Wednesday, June 13, 2007

Marianne Wiggins: "The Shadow Catcher"

The Shadow Catcher is a highly enjoyable novel. The frame story uses a device that seems to be coming up in a lot of very recent books: the main character, who tells the story, has the same name as the author, and seems to have many similar characteristics. "Marianne Wiggins" -- the character who might be the author -- begins with some observations about artwork: "Let me tell you about the sketch by Leonardo I saw one afernoon in the Queen's Gallery in London a decade ago, and why I think it haunts me." (p. 1)

The first two chapters could possibly be autobiograpical: the narrator is a writer, trying to sell a script to an unnamed Hollywood personality. She lives in LA and obsesses about traffic and alterate ways to avoid the worst congestion. She knows about celebrities. She has a home and a car. Her book is about Edward Curtis, photographer, who created the common understanding of what it looked like to be an Indian.

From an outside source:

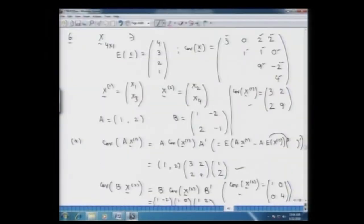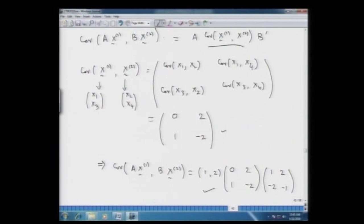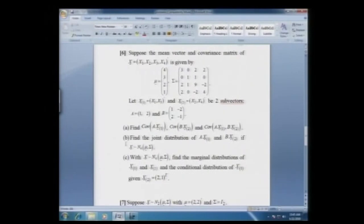We had completed part A of this problem — we looked at the covariance of Ax₁ derived from that multivariate vector, the covariance of Bx₂, and the covariance between the two components Ax₁ and Bx₂. Let us now move on to part B of problem 6, where we are trying to find the joint distribution of Ax₁ and Bx₂, given that x follows a four-dimensional multivariate normal.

All the details of her life could be either truth or fiction: it's not a critical matter.

On page 43, the novel turns to "her" book. It starts with the early life of Edward Curtis's wife Clara, daughter of a painter whose works are no longer desired because photography has replaced his skills. We see how she and her younger brother happened to travel out to the territory of Washington to live with his family. As Clara meets Edward Curtis, we meet him. As he develops into a skilled and artful photographer, we see him through her eyes, and we find out how she teaches him what she's learned about painting: the link to the first thoughts of "Marianne Wiggins" and her passion for Renaissance Italian art.

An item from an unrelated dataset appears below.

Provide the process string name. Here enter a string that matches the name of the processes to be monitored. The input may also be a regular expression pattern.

A marvelous aspect of The Shadow Catcher is the constant reference to the works of Curtis, which are reproduced so much that every reader can probably visualize them. In case you don't have the photos in your mind's eye, very small reproductions of the works and of other relevant material appear in the text: I think the use of illustrations in a novel is another 21st century trick that's coming into its own. You can also find very good reproductions online -- as I showed.

Eventually a completely unexpected turn of events in the Frame Story causes an unexpected nexus between "Marianne Wiggins" the narrator, the legacy of Edward Curtis, and even the title of the book. The author leaves behind the early themes of creating visual art and of comparing photography to painting. There's nothing wrong with the way the book treats these themes, but the unexpected plot element is what makes a seemingly predictable work into an exciting read. I don't want this to be a spoiler, so I'll stop now.